Dataset items

* * * *

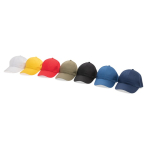 6-panel recycled cotton cap with velcro closure, 190 g/m² white colour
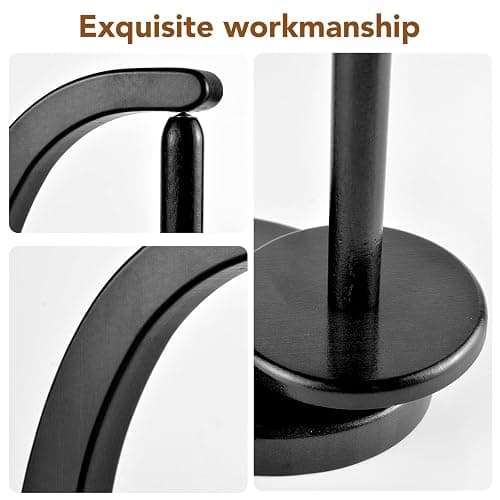 ULOI Crochet Yarn Holder - Upgrade with Crochet Accessories Storage Attachment, Magnetic Wooden Yarn Storage for Knitting Accessories, Perfect for Crocheting and Knitting Projects, Ebony Finish thumbnail 4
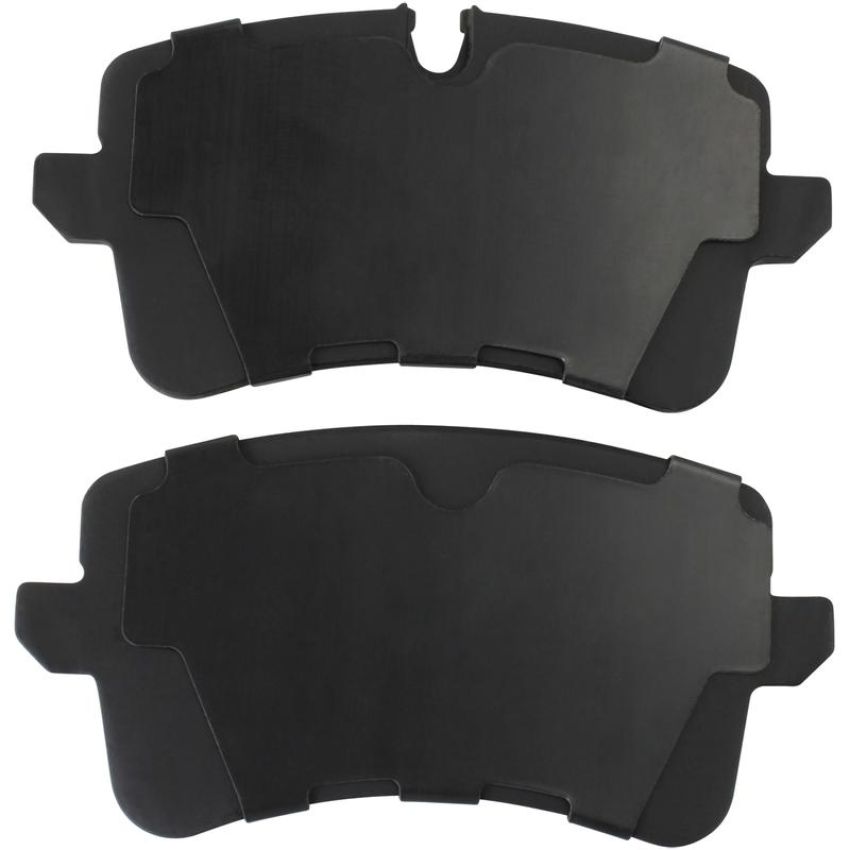 MPA 1003-1547AM Quality-Built Black Series Semi-Metallic Brake Pads w/ Hardware
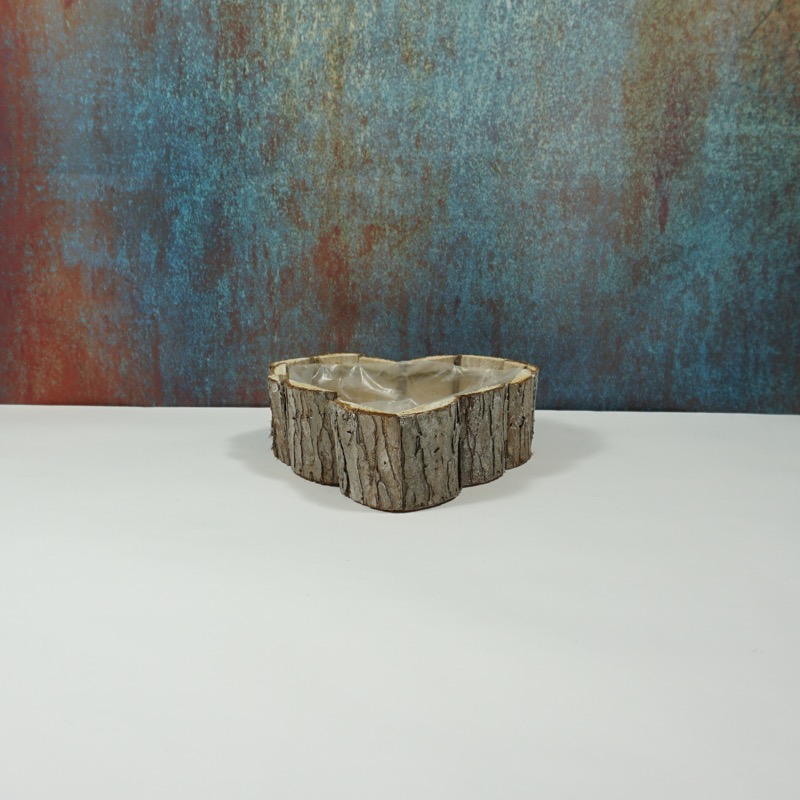bepflanzbares Herz aus Rinde (20x19cm)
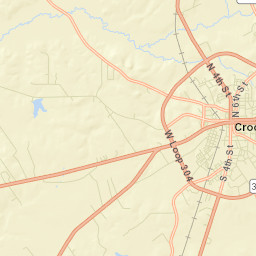 Crockett Street Map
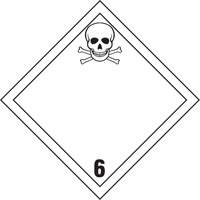 TDG Shipping Labels, Class 6.1, Toxic Substances, Vinyl Nassau Supply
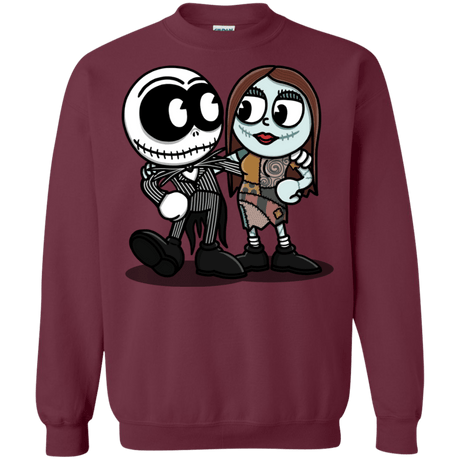 Sweatshirts Maroon / S Skullhead Crewneck Sweatshirt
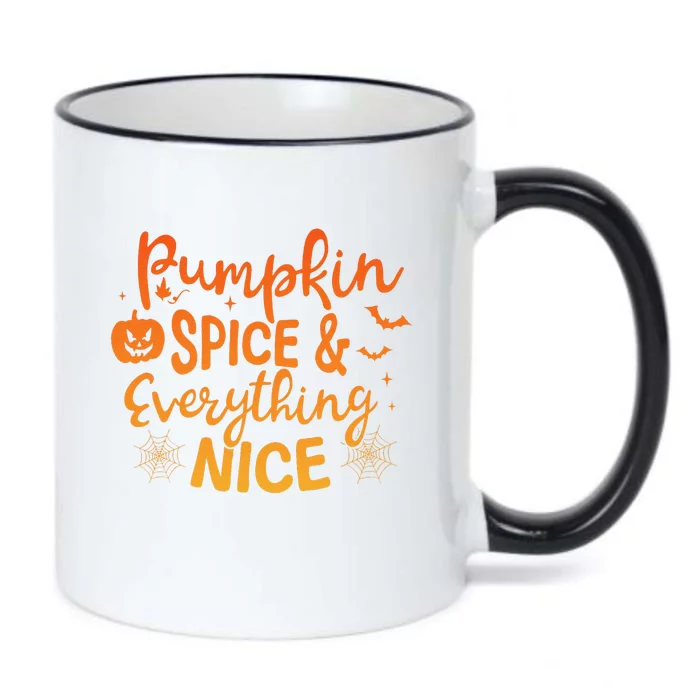 Pumpkin Spice And Everything Nice Pumpkin Halloween Black Color Changing Mug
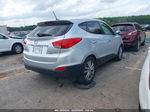 2013 Hyundai Tucson Limited Silver vin: KM8JU3AC1DU596779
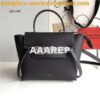 Replica Celine Belt Bag In dark Grey Grained Calfskin 2 sizes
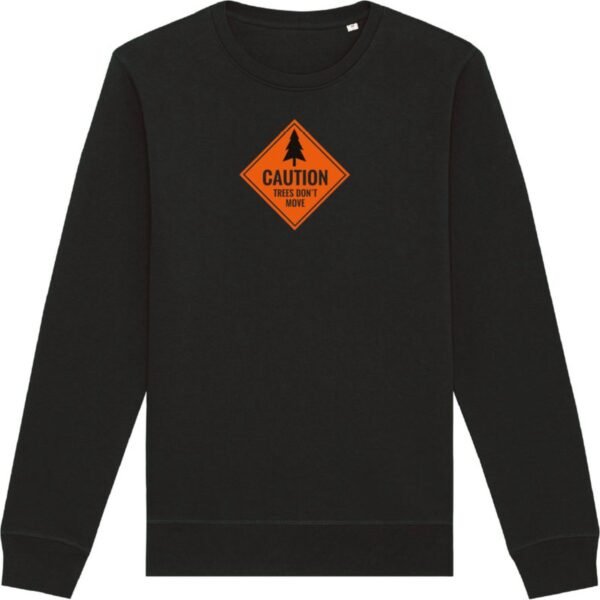 Wintersport sweater zwart XL - Trees don't move FRONT - soBAD. | Foute apres ski outfit | kleding | verkleedkleren | wintersporttruien | wintersport dames en heren | Snowboarding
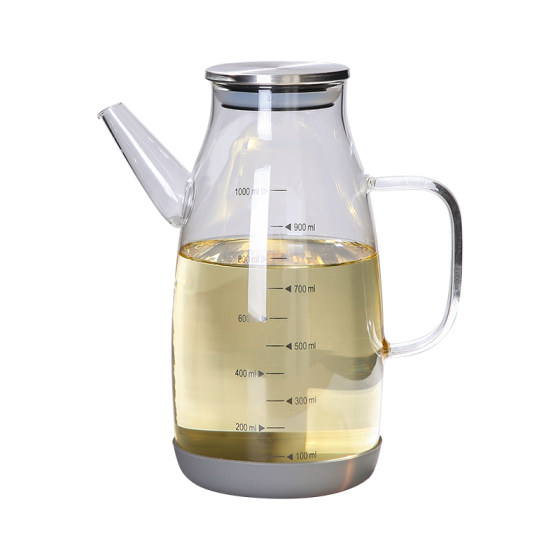 
Oil pot does not stick to oil, household food-grade kitchen special large-capacity hawk beak oil tank pot supplies all-glass oil bottle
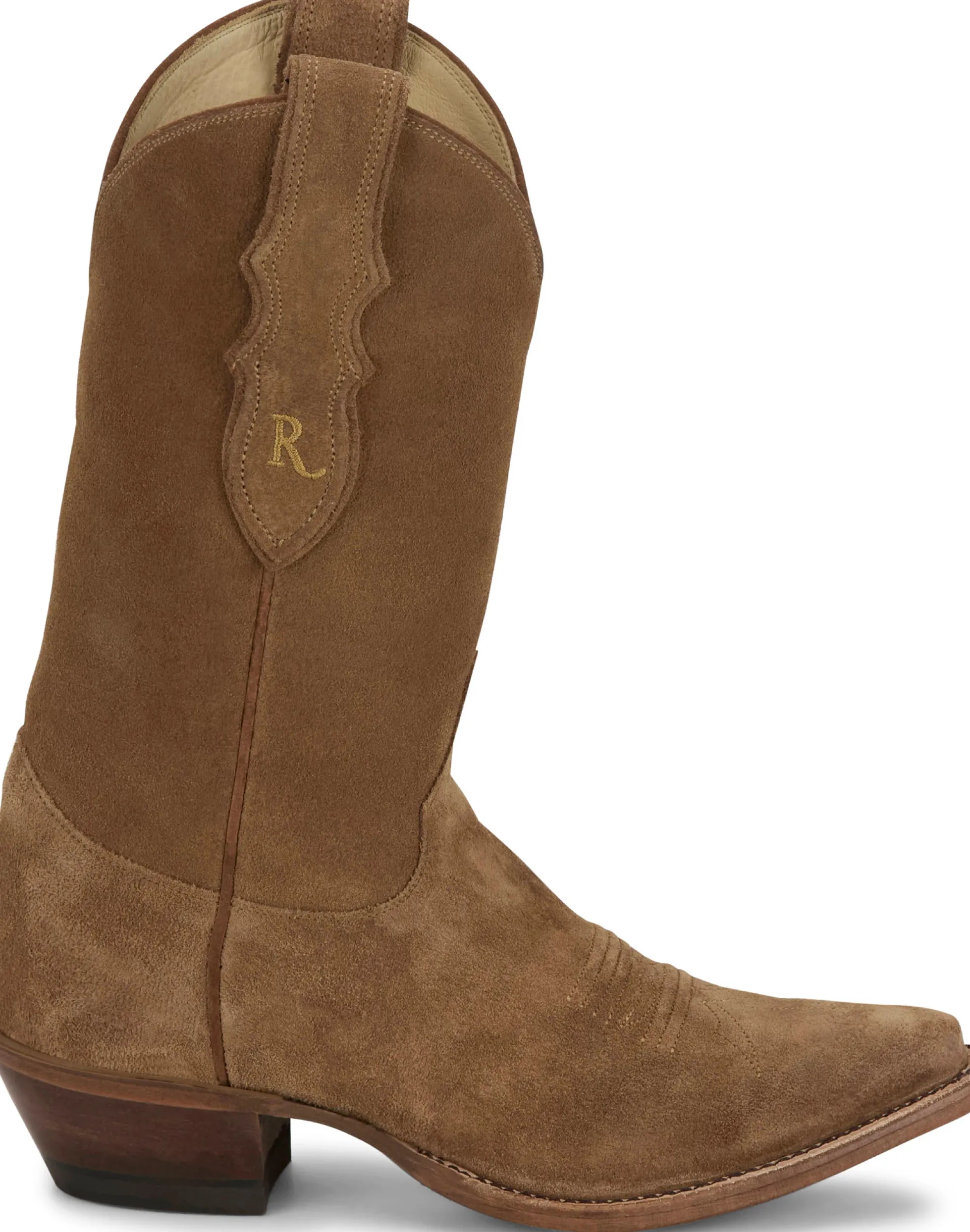 Justin Boots Fancy 11" Suede Camel Sale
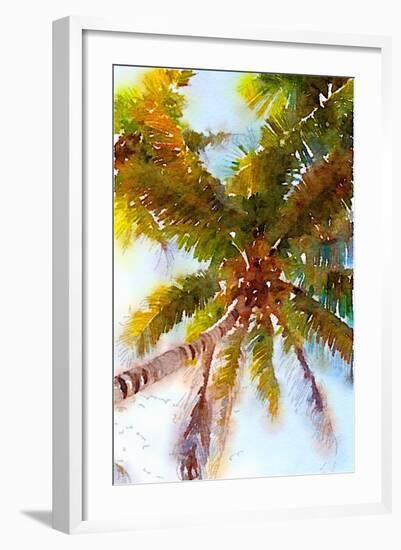 Watercolor Palms II-Emily Navas-Framed Premium Giclee Print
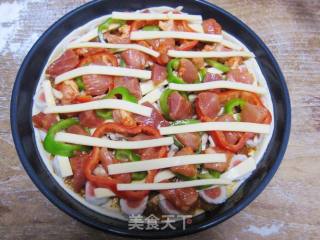 [diy New Orleans Bbq Pizza] Produced by Xiaowenzi~~[diy Bbq Lace Pizza] recipe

* * * *

GOAL OF THE EXERCISE
Beginning with the line that contains "Wintersport sweater zwart", write out every line through the last one in the records, exactly and without pictures.

TASK SOLUTION
 Wintersport sweater zwart XL - Trees don't move FRONT - soBAD. | Foute apres ski outfit | kleding | verkleedkleren | wintersporttruien | wintersport dames en heren | Snowboarding
Oil pot does not stick to oil, household food-grade kitchen special large-capacity hawk beak oil tank pot supplies all-glass oil bottle
 Justin Boots Fancy 11" Suede Camel Sale
 Watercolor Palms II-Emily Navas-Framed Premium Giclee Print
 [diy New Orleans Bbq Pizza] Produced by Xiaowenzi~~[diy Bbq Lace Pizza] recipe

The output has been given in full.